Prerequisites for conda package

Linux
(Optional) Nvidia GPU + CUDA

Windows 10 / MacOS via Docker

Install Anaconda python

First step required to use the pipeline is installing anaconda python. If you already have a working anaconda setup you can go directly to next item. To download Anaconda Python open a terminal and type

wget https://repo.anaconda.com/miniconda/Miniconda3-latest-Linux-x86_64.sh

Then install by typing:

bash ./Miniconda3-latest-Linux-x86_64.sh

Follow the instructions to complete the anaconda installation.

Install PlantSeg using conda

The tool can be installed directly by executing in the terminal:

conda create -n plant-seg -c pytorch -c conda-forge -c lcerrone -c abailoni -c cpape -c awolny pytorch nifty=1.0.9 plantseg

Above command will create new conda environment plant-seg together with all required dependencies.

Optional dependencies

Some types of compressed tiff files require an additional package to be read correctly (eg: Zlib, ZSTD, LZMA, ...). To run plantseg on those stacks you need to install imagecodecs.
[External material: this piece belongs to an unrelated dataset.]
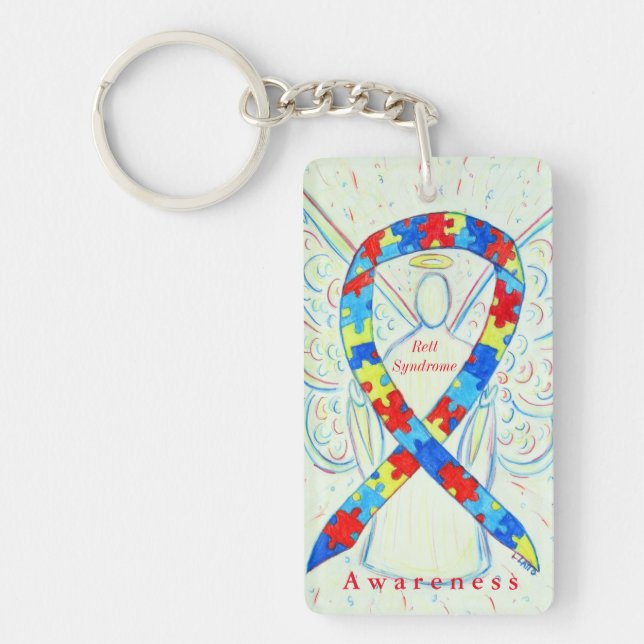 Rett Syndrome Angel Awareness Ribbon Keychain (Front)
In the terminal:

conda activate plant-seg
pip install imagecodecs

Experimental support for SimpleITK watershed segmentation has been added to PlantSeg version 1.1.8. This features can be used only after installing the SimpleITK package:

conda activate plant-seg
pip install SimpleITK

Update PlantSeg

The tool is actively developed and improvement and small bugs fix are continuosly coming. To update PlantSeg type in the terminal:

conda activate plant-seg
conda update -c lcerrone plantseg

Pipeline Usage (command line)

Our pipeline is completely configuration file based and does not require any coding.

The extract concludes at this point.